#### WORK ORDER
Transcribe, word for word and without additions, each line below from the one containing "Comando Provinciale di Verona" through the one containing "Parole chiave: Fiat Campagnola_Iserie VF7885", both ends included.

#### MATERIAL TO PROCESS
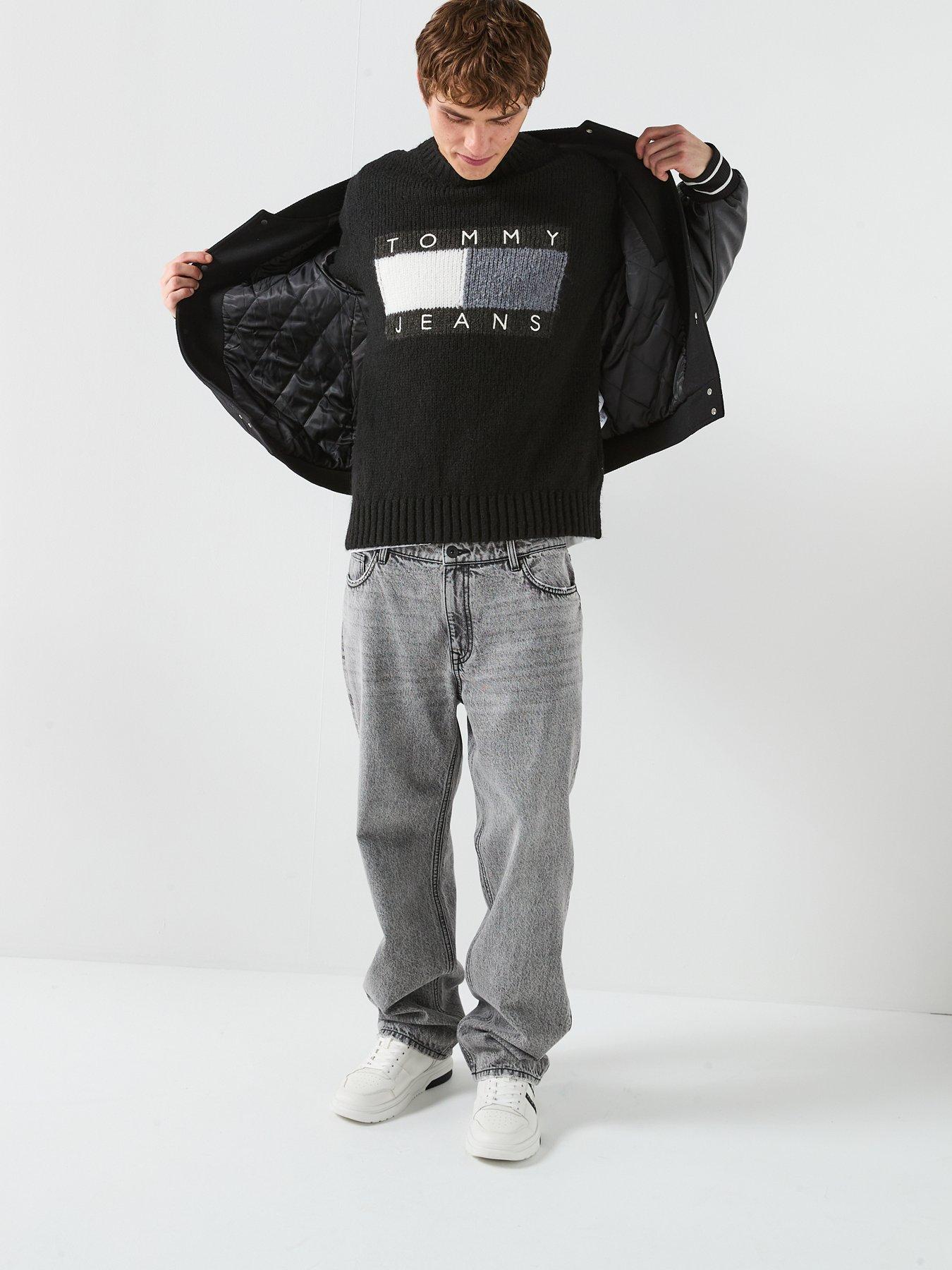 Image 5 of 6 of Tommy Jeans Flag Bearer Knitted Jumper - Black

---

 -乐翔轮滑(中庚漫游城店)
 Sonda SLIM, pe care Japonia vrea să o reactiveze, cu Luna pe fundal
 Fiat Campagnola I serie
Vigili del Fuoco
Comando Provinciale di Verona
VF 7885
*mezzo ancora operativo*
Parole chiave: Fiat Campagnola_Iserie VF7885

#### RESPONSE AREA
Comando Provinciale di Verona
VF 7885
*mezzo ancora operativo*
Parole chiave: Fiat Campagnola_Iserie VF7885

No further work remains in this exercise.